Book Review: "Good Book: How White Evangelicals Save the Bible to Save Themselves" by Jill Hicks-Keeton
I was interested in this book after hearing the author on the "Homebrewed Christianity" podcast with Tripp Fuller. Unfortunately, I found myself bored of the seeeming repetition by which the author continued to express throughout the length of the book: that the Bible's contents are inherently misogynistic, and efforts to say otherwise are not in defense of the Bible but rather in defense of the people arguing on its behalf.
I do suspect that I may not be in the author's target audience, though I continued to feel frustration as I felt she continued on one path when I felt there could have been interesting thought exercises had she ventured off her main thesis. Mainly, "so now what?" If her readership concludes the book with her shared understanding that the Bible is misogynistic, and the people it describes were producted of a misogynistic culture and time and not sages who spoke of a true equality while pointing to what a true egalitarian society should be... she leaves unanswered what we're to do with the Bible then?

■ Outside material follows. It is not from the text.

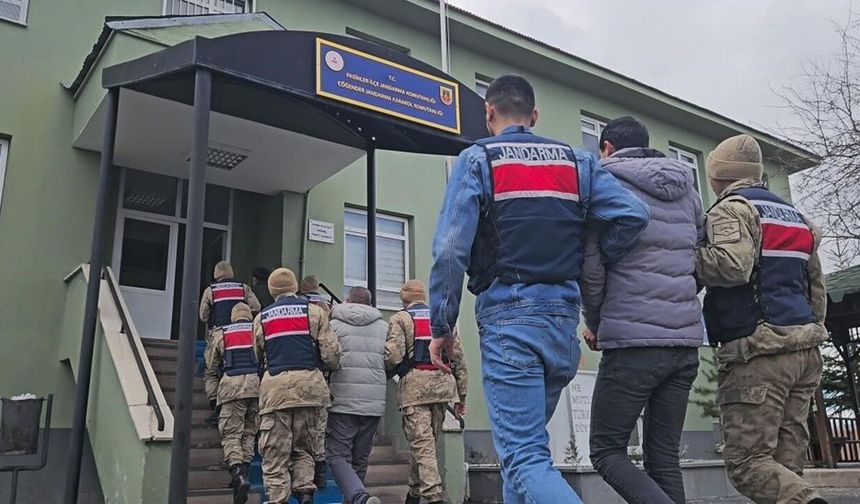 73 düzensiz göçmen yakalandı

I genuinely am interested in learning the author's own conclusions after coming to the understanding about how the Bible may not be as pro-women as its defenders often try to make it seem. And in that way, the book felt like it was at least a chapter short, if not more. For example, does she have another alternative for the many women who claim to be Christians, for how to understand their relationships with the Bible/ God? Also, what ramifications would her conclusions regarding the personhood of Jesus and of his and Paul's misogyny have upon the Christian faith? Is it null and void, or is there an evolved view of the faith that can exist/ thrive even with such an auspicious book of faith?
In conclusion, rather than saying that I didn't like the book, I should just say that it was more incomplete, and what Hicks-Keeton argues for in "Good Book" needs conclusions that need to be flushed out. What we have now is just a readership that is left in a lurch, not knowing how to process the information she provides.